The charges, against 14 money managers, lawyers and other investors, followed the arrest last month of a hedge fund billionaire, Raj Rajaratnam, on charges that he had profited from inside information.
In the latest criminal complaints, prosecutors described a network that used prepaid cell phones to avoid detection, and that was pierced in part through surveillance and wiretaps.

One law enforcement official, speaking on condition of anonymity because the investigation is continuing, said the authorities expected to make more arrests in the coming weeks. The investigation is part of a broad Federal Bureau of Investigation push into crimes related to hedge funds, including the addition of a third securities fraud unit in New York, the official said.

And for the first time, the authorities hinted that they might be brushing against the pinnacle of the hedge fund world, SAC Capital Management, a $12 billion Connecticut fund company. Neither SAC nor any current employee has been charged with wrongdoing.

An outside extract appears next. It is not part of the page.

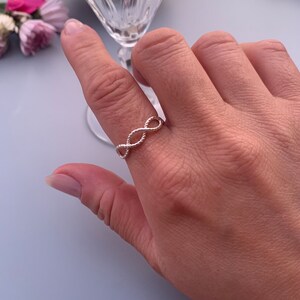 Silver Infinity Minimalist Adjustable Ring, Layer Band Thumb Ring ...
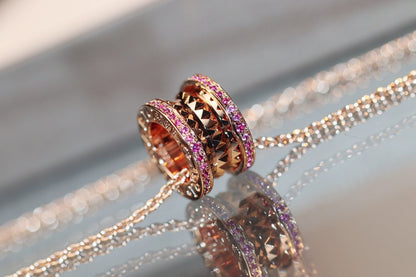 [ELAN LUXE]ZERO 1 ROCK PINK GOLD PINK DIAMOND NECKLACE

The broadest of Thursday’s complaints names seven defendants, including Arthur J. Cutillo, a lawyer at the prestigious firm of Ropes & Gray, who is accused of offering tips on impending takeovers that the firm worked on. The tips were then passed among a group of lawyers and traders.
Plea agreement
As part of a plea agreement made public on Thursday, prosecutors agreed not to charge Richard Choo-Beng Lee, a California fund manager who worked at SAC from 1999 through January 2004, on any insider trading he committed at SAC as long as he had disclosed the insider trading to them. Lee pleaded guilty in October to insider trading while running his own hedge fund last year. ers and traders.
Defense lawyers who were not involved in the case said the government’s tactics, which included phone taps and wiring cooperating witnesses, were more typically used in organized crime than in securities fraud cases.

Galleon at center
Still, the investigation has not publicly ensnared any of the biggest hedge funds. And the total profits that the schemes are said to have produced are relatively modest, about $60 million so far.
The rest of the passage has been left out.